Introduction to Forward Propagation in Neural Networks

A Neural Network is a DAG (Directed Acyclic Graph) where the data samples as input provided to the Input layer flow in the defined forward direction. As the movement happens in the forward direction, we call the process Forward Propagation. Because of this property, ANNs are also called "feed-forward" networks. This is an important concept in ANN theory. In this article, we focus on discussing it in detail by actually performing forward propagation through a dummy ANN architecture.

Key takeaways from this blog

After going through this blog, we will be able to understand the following things:

  1. What are the various working steps in a Neural Network?
  2. What is forward propagation in Neural Networks?
  3. What is a feed-forward network?
  4. Implementation of Forward propagation.
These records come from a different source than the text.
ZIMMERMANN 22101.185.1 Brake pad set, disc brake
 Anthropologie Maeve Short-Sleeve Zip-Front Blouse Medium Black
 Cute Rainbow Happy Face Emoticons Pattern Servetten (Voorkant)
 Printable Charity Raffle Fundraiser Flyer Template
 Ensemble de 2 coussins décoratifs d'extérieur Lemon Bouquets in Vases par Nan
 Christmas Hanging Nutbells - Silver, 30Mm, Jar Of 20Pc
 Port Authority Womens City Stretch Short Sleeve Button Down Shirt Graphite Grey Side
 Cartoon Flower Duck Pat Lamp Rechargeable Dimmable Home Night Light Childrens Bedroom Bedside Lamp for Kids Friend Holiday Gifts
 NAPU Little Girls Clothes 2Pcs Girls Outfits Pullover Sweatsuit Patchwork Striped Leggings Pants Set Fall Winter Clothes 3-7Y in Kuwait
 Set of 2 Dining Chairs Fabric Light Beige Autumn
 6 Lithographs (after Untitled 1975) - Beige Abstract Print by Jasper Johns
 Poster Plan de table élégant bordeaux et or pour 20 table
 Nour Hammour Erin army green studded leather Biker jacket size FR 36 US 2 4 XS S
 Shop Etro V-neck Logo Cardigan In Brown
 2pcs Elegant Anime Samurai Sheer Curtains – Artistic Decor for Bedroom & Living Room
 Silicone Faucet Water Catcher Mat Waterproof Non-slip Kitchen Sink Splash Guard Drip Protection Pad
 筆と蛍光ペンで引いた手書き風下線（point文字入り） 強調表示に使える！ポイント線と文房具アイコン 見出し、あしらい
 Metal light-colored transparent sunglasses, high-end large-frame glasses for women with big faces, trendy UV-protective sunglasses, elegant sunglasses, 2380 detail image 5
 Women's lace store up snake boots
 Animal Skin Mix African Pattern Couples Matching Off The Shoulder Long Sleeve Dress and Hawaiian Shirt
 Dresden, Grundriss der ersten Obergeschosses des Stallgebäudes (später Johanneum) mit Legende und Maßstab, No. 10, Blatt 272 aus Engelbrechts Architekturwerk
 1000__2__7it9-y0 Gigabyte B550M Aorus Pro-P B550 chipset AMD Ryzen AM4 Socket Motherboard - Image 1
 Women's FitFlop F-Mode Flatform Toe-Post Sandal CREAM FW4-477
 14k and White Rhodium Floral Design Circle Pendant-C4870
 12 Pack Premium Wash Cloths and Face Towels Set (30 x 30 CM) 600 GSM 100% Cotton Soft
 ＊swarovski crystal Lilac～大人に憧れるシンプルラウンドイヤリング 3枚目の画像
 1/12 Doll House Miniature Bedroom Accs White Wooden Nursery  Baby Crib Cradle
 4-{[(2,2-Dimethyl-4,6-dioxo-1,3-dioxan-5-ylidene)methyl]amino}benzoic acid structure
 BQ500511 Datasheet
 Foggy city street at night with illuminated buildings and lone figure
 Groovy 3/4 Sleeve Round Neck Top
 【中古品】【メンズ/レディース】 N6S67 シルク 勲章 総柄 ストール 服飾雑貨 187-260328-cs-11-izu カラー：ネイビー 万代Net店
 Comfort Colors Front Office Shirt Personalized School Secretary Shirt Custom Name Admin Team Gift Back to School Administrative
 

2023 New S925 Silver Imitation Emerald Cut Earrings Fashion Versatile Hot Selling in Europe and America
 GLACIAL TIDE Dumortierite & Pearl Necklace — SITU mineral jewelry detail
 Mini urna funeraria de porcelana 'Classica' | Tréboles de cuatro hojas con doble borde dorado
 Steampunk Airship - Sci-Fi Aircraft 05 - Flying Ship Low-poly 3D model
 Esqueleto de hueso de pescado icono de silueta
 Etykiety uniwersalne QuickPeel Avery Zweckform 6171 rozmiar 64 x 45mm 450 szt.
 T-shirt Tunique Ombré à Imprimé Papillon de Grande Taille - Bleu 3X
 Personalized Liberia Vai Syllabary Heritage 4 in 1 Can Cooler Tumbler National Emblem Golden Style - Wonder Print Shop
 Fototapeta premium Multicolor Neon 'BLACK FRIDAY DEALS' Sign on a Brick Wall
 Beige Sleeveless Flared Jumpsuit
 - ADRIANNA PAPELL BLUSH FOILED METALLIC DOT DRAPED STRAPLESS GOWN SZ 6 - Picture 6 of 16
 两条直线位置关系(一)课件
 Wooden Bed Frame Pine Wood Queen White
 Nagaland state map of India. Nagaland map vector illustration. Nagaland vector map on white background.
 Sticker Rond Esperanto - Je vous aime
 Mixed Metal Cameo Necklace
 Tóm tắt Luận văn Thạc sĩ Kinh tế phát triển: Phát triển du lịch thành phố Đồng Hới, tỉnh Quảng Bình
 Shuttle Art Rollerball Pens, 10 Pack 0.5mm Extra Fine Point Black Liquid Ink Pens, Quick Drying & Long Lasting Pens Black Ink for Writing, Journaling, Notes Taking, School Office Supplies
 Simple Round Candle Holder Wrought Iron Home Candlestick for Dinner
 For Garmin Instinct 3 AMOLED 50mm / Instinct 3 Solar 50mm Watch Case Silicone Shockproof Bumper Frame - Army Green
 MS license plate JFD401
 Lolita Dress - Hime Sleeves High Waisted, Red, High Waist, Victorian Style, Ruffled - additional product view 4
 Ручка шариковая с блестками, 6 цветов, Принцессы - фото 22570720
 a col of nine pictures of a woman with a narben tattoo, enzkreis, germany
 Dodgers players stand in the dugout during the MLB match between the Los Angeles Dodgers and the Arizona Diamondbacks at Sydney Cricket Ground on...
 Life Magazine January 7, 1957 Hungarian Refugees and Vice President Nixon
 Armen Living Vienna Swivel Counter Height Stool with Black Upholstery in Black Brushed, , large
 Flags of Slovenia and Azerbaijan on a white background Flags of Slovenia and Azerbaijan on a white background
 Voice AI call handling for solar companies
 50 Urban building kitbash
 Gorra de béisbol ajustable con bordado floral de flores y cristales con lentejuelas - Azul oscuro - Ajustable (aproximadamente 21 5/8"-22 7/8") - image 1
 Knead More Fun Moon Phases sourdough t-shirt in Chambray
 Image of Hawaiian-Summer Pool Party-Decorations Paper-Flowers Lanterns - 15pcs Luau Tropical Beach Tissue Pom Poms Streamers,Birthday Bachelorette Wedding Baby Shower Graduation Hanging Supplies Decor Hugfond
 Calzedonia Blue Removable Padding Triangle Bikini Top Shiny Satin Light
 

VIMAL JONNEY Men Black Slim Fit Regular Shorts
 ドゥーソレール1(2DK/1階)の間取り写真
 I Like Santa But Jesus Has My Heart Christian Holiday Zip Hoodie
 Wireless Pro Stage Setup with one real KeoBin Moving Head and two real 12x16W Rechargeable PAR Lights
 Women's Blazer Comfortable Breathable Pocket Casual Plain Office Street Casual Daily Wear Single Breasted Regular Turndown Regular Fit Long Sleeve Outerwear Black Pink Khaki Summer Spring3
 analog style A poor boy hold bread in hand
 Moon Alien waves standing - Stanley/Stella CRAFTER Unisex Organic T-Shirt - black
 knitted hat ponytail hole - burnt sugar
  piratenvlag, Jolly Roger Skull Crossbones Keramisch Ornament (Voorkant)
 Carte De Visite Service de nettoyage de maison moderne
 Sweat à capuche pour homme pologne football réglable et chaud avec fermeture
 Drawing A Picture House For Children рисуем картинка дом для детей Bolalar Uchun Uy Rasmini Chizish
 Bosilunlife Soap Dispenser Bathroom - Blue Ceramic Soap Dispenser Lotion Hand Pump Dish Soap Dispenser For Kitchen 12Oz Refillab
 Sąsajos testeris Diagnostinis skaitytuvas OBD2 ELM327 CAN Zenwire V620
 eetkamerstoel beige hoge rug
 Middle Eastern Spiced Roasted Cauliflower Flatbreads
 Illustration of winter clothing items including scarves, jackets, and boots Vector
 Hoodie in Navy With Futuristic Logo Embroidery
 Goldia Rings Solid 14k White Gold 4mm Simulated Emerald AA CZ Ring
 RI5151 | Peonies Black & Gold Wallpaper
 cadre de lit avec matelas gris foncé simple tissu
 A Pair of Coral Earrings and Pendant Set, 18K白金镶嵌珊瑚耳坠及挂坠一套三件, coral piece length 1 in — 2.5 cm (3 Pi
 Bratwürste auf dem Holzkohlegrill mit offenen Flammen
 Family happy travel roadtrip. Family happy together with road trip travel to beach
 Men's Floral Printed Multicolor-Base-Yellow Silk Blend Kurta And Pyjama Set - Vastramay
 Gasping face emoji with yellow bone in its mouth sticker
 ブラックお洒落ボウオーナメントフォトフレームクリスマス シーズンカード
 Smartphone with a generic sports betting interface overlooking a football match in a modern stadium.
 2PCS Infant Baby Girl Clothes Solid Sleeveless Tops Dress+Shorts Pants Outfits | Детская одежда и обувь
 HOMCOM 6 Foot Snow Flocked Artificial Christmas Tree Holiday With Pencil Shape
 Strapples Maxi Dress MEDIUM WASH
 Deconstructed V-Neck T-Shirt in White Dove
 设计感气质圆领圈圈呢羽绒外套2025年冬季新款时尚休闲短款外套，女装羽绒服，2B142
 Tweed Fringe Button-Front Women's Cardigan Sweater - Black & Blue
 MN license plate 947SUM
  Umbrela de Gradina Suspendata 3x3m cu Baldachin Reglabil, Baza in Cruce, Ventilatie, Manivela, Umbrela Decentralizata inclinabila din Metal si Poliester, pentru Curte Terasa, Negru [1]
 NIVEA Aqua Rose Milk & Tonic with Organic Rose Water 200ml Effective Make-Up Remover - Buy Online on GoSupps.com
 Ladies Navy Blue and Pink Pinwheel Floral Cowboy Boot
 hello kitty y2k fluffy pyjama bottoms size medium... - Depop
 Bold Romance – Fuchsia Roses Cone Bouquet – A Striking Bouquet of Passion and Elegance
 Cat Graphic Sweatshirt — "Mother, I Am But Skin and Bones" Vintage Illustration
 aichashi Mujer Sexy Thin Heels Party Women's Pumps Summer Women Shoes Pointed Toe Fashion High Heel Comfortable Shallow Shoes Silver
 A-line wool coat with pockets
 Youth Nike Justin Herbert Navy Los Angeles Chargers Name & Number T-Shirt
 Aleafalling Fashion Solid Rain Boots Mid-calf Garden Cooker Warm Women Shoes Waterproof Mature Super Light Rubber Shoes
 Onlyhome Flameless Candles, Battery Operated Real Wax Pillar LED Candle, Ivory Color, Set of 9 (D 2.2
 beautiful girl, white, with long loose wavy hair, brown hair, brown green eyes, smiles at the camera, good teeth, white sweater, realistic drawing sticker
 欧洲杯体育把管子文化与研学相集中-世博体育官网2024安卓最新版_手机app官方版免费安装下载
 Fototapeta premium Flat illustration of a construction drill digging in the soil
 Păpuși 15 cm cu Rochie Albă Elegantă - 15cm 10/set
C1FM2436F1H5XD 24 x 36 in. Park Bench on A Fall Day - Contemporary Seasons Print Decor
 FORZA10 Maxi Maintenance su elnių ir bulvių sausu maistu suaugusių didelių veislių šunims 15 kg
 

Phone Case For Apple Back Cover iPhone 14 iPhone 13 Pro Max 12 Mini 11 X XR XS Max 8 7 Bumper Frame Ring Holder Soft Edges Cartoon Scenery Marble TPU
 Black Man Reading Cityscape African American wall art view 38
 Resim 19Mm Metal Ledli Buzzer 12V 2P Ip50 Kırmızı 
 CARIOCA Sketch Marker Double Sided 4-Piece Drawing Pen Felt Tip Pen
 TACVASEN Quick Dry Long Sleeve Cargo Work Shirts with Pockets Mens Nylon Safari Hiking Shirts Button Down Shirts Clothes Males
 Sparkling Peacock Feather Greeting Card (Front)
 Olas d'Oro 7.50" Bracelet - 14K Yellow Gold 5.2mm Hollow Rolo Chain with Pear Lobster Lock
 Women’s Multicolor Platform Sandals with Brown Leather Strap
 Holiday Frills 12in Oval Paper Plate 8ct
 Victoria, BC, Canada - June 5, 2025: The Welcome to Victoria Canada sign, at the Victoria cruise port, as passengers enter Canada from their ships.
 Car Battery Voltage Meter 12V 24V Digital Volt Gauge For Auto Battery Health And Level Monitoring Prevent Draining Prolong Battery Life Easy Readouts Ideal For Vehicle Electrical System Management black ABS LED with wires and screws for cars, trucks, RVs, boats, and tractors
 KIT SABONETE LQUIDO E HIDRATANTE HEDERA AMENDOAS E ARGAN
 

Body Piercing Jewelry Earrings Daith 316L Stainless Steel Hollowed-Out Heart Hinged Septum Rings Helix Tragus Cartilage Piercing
So, let's start with understanding these terms in detail.

Quick-Revision on Working Steps For a Neural Network

If we recall the methodology through which a machine learning model works, we can recall these steps:

Step 1: We first finalize the input features to pass them through the input layer. The number of nodes in the Input layer will be equal to the number of features present in our data. 

Step 2: This input is passed to the hidden layer/s (if present) in the neural networks, where important information is extracted from data that can help in learning. During this extraction process, input features get transformed after several rounds of matrix multiplication and passing through non-linear activation functions. We can divide the processes happening in hidden layers into two steps:

  • Preactivation: Here, the linear transformation happens for the input received. For the first hidden layer, input is received from the Input layer, and for the latter hidden layers, input is received from the previous hidden layer. A linear transformation is the weighted sum of the input and bias values. In simple mathematical form, we represent this transformation as W.T * X + B (Transposed weight multiplied by input, and the result is added with a bias value).
  • Activation: The calculated value from the preactivation part is then sent to the activation function, where non-linear transformation happens. For every layer, we define the activation function, and the transformation varies based on the nature of the selected function. For example, in the case of the ReLU activation function, any negative values formed from the linear transformation step in preactivation will be forced to zero. 

Step 3: This transformed output of hidden layers is passed to the output layer, where it gets transformed further to convert it into the desired format. The desired format can be a single integer, a floating number, or even a vector/matrix of numbers.

Step 4: There can be two ML model development scenarios: training or testing a Neural Network. 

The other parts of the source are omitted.